New York City is turning tables and are vowing to sue any George Floyd protestors who attack police officers. The union that represents the NYPD has decided to put an end to the violence against its officers.
What We Know:
- Paul DiGiacomo, president of the Detectives’ Endowment Association says, “If you assault a New York City Detective and there are no consequences from the criminal justice system, we have to have other means to protect our detectives. It’s heart-wrenching because they are out there doing a job under very difficult circumstances, trying to protect the innocent people that are protesting while the criminal element is within that group, assaulting, looting and victimizing not only police officers and detectives out there, but also the people of the city.”
- The Endowment Association represents 19,000 current and former detectives. DiGiacomo vows to sue any protestor, looter, or rioter who attacks any of its members.
- Detective Joseph Nicolosi filed a lawsuit against a looting suspect at a pharmacy in Manhattan. He says he was injured in a struggle with a 19-year-old who resisted arrest.
- DiGiacomo says the officers and detectives have had urine thrown on them, rocks thrown at them, they’d been shot at and assaulted. There is no word on whether the lawsuits will go through at this moment.

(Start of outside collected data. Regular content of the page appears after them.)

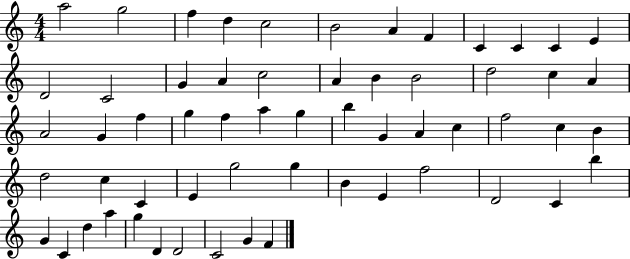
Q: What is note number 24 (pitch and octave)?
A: A4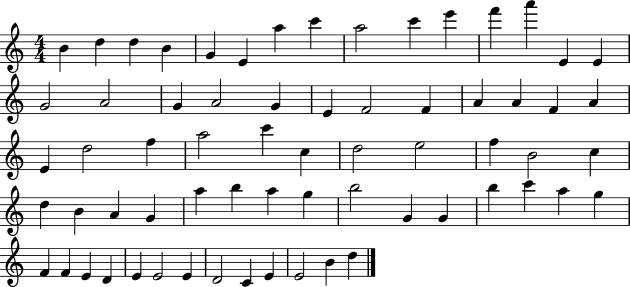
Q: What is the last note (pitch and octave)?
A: D5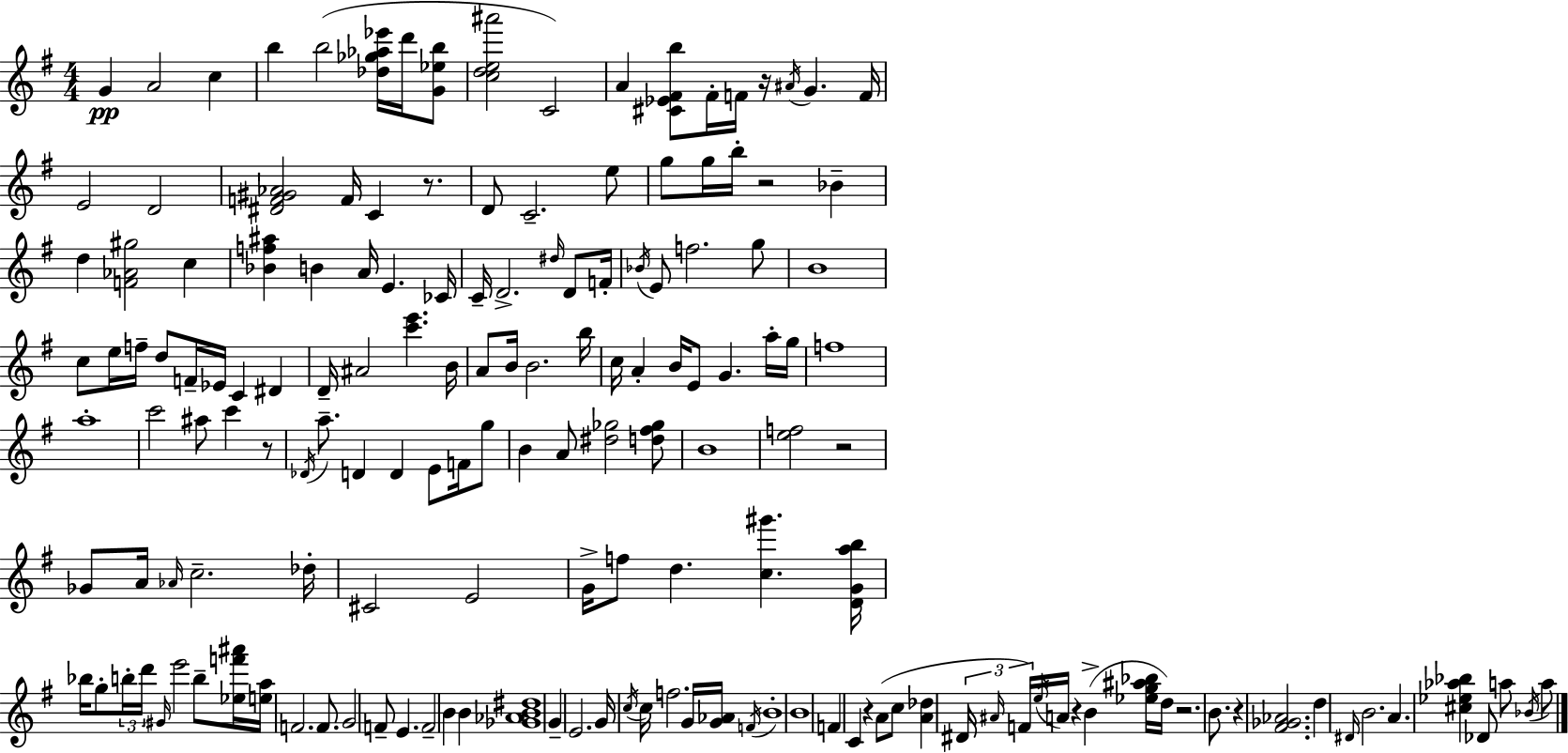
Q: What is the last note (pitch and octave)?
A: A5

- According to civil rights attorney, Ron Kuby, this isn’t a new tactic by police. “This was tried back in the 1990s in New York City, at another time when there was a great deal of unrest and ultimately, it didn’t work. If the police want to use the civil law as a tool in their policing, those of us who pay their salaries have the opportunity now to engage in some real reform, which is, stop the indemnification of cops, stop the free lawyers for the police, stop the qualified immunity for the police — and we’ll see how that works out for them.”
- Kuby says officers will need to surrender the legal restrictions protecting them if they want to sue citizens. Other cities have indemnified law enforcement which generally protects them from being sued.
Qualified immunity for police has been stripped by lawmakers in Congress and some state legislatures. More than 350 of the NYPD’s officers have been assaulted during the protests.